How to Deploy Streaming Models

[中文]

Time series models are now widely applied in various fields, such as audio processing. Audio models typically have two deployment modes when deployed:

  • Offline mode: The model receives the complete audio data (e.g., an entire speech file) at once and processes it as a whole.

  • Streaming mode: In streaming mode, the model receives audio data frame by frame (or block by block) in real-time, processes it, and outputs intermediate results.

In this tutorial, we will introduce how to quantize a streaming model using ESP-PPQ and deploy the quantized streaming model with ESP-DL.

Prerequisites

  1. Install ESP-IDF

  2. Install ESP-PPQ

Model Quantization

Reference example

How to Convert to a Streaming Model

There are numerous types of time series models. Here, we take the Temporal Convolutional Network (TCN) as an example. If you are unfamiliar with TCNs, please refer to relevant resources for details; we won’t elaborate further. Other models should be customized based on their specific structures.

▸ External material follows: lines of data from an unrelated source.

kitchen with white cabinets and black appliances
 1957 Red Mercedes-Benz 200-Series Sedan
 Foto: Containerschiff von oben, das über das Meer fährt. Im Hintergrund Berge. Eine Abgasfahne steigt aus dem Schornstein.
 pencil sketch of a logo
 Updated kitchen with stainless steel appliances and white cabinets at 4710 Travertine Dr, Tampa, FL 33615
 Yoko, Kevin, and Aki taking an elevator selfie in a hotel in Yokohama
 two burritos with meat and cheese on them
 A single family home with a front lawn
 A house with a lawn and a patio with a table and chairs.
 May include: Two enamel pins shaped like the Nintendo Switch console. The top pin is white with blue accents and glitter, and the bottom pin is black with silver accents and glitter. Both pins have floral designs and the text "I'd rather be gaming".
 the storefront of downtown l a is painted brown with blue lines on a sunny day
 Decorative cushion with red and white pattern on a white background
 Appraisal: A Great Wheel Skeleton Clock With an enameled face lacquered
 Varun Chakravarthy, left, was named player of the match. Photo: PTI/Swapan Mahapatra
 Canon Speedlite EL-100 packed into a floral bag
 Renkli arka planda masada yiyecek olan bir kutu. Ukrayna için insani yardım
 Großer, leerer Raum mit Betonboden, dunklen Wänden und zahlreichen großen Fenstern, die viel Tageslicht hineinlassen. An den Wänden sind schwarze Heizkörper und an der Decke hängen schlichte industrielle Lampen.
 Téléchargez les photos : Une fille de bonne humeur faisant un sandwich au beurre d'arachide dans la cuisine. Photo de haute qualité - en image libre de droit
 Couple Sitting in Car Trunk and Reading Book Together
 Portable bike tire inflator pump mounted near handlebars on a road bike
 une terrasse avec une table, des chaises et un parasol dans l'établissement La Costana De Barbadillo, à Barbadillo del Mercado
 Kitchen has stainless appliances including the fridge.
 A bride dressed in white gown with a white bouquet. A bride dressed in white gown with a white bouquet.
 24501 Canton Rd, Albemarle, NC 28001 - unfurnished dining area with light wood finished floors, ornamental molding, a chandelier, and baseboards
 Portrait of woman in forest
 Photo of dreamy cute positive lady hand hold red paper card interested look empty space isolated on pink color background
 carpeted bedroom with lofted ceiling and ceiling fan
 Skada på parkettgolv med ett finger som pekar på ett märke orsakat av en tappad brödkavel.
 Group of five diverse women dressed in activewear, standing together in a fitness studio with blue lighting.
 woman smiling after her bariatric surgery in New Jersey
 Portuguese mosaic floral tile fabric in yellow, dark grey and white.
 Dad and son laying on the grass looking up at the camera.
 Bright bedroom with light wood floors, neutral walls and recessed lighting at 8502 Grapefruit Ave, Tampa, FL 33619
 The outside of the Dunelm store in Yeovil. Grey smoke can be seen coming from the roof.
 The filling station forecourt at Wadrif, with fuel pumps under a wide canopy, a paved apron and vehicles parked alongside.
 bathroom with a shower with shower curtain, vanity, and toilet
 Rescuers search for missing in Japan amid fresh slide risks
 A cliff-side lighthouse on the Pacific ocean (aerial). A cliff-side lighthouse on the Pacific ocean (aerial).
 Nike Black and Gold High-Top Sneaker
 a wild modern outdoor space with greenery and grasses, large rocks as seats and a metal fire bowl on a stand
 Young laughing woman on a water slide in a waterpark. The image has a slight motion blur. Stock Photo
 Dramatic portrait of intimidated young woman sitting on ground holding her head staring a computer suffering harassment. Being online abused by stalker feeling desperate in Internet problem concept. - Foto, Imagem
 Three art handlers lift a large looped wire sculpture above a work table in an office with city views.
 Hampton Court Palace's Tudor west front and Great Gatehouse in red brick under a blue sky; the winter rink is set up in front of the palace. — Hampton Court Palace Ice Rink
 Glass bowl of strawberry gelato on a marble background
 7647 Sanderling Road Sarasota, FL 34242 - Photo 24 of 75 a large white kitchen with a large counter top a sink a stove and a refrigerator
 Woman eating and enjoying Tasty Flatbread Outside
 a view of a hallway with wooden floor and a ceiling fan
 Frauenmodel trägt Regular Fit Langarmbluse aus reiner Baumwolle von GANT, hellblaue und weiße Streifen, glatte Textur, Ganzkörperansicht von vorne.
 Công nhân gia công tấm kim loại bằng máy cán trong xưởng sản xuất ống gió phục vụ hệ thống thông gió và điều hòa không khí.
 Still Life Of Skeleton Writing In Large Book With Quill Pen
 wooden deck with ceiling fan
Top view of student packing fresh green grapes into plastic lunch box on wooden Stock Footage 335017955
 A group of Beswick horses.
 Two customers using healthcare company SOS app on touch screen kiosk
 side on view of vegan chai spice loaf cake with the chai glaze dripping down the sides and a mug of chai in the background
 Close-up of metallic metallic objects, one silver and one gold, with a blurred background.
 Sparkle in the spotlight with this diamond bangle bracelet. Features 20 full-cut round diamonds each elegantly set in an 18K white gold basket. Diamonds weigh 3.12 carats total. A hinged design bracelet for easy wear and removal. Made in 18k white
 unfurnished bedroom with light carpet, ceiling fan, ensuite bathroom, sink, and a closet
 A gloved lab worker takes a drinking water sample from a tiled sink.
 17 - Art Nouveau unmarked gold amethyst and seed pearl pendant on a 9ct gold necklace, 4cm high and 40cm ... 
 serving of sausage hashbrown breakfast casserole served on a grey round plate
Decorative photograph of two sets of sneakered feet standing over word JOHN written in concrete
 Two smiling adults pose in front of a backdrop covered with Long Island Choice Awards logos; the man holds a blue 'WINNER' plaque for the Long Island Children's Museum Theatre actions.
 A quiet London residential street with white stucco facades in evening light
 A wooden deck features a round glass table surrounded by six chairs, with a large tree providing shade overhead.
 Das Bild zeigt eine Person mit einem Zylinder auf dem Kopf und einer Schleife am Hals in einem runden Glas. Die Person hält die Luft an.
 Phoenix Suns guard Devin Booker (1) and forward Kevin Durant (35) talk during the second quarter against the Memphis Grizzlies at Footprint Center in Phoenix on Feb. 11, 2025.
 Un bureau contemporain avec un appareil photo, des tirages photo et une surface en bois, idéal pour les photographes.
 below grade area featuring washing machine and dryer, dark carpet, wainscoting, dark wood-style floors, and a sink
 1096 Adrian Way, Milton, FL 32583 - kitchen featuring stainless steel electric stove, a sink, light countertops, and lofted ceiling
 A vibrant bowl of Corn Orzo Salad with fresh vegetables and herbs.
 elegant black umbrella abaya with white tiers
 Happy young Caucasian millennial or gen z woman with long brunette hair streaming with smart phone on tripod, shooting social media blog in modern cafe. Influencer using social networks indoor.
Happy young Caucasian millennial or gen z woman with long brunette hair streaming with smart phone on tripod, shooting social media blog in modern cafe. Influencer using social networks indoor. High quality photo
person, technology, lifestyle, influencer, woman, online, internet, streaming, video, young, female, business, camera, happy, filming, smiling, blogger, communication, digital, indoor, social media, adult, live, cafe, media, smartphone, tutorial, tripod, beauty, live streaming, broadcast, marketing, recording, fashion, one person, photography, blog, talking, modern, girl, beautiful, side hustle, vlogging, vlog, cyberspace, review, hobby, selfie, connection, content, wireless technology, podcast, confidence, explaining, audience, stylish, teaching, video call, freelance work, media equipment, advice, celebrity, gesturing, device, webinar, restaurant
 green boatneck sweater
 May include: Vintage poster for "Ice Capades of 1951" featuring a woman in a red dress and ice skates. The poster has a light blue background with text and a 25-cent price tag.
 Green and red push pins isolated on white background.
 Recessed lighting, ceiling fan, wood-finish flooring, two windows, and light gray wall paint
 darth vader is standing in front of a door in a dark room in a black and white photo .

The example code constructs a TCN model: test_model.py (the model is incomplete and used only for demonstration). The demonstration model splits a complete model into three parts: TestModel_0, TestModel_1, and TestModel_2. This represents that a single frame of data sequentially flows through one module at a time, with the data flow being: frame_data -> TestModel_0 -> TestModel_1 -> TestModel_2.

Note

There is no fixed convention for splitting models; it depends on the model’s structure. The more modules you split, the lower the CPU load, but the output latency of the final computation increases. Conversely, fewer splits reduce latency but increase CPU load.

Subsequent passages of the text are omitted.